Ledi Sayadaw, a teacher within my own tradition, says something similar in his work Manual of the Excellent Man
Taking refuge is of two kinds: by hearsay and by direct knowledge. Taking refuge through blind faith in the noble attributes of the Buddha, the Dhamma, and the Saṅgha, but without right view, is by hearsay. It is so called because the act of taking refuge is not complete in so far as the worshipper has not actually “seen” the Buddha, the Dhamma, or the Saṅgha; he has not perceived the teaching; he has not been in contact with the teaching. In common parlance, he has not got the message.

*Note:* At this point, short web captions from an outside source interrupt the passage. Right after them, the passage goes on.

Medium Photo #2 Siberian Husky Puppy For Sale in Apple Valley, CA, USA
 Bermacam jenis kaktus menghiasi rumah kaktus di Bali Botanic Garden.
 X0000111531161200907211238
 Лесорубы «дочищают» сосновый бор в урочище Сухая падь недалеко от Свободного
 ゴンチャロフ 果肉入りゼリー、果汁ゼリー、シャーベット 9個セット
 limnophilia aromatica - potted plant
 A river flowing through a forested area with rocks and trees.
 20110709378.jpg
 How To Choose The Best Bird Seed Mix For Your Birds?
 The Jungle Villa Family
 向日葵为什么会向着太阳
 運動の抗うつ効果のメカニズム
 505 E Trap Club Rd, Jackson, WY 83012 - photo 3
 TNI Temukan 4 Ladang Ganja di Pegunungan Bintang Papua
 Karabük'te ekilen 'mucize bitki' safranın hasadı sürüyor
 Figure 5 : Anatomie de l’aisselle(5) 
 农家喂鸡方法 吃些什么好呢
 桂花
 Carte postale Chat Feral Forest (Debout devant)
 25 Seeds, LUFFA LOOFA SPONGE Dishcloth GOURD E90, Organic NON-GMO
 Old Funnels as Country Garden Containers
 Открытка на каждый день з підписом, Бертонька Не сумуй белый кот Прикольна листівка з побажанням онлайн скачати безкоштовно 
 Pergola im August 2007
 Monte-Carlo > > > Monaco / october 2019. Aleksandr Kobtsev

Consider the Buddha’s admonition to Vakkali, the devoted bhikkhu who spent all his time in worshipful admiration of the Buddha, “Vakkali, he who does not see the Dhamma does not see me.” That is why taking refuge in the Three Gems without empirical knowledge of the Dhamma, i.e. insight into the arising and passing away of phenomena, relies on hearsay only. It is not taking refuge with direct knowledge.
Taking refuge with direct knowledge means imbibing the Buddha’s teaching with right view by perceiving the aggregates, the sense bases, and the elements, and their arising and cessation, which alone will destroy the delusion about a “self” and doubts about the Four Noble Truths. This kind of going for refuge is the real refuge, for the worshipper is actually in contact with the Three Gems.
“One understands suffering, its origin, its cessation and the Noble Eightfold Path leading to the end of suffering. This, indeed, is a secure refuge, this is the supreme refuge. Taking refuge in this, one gains release from the cycle of existences.” (Dhp. vv.191-192.)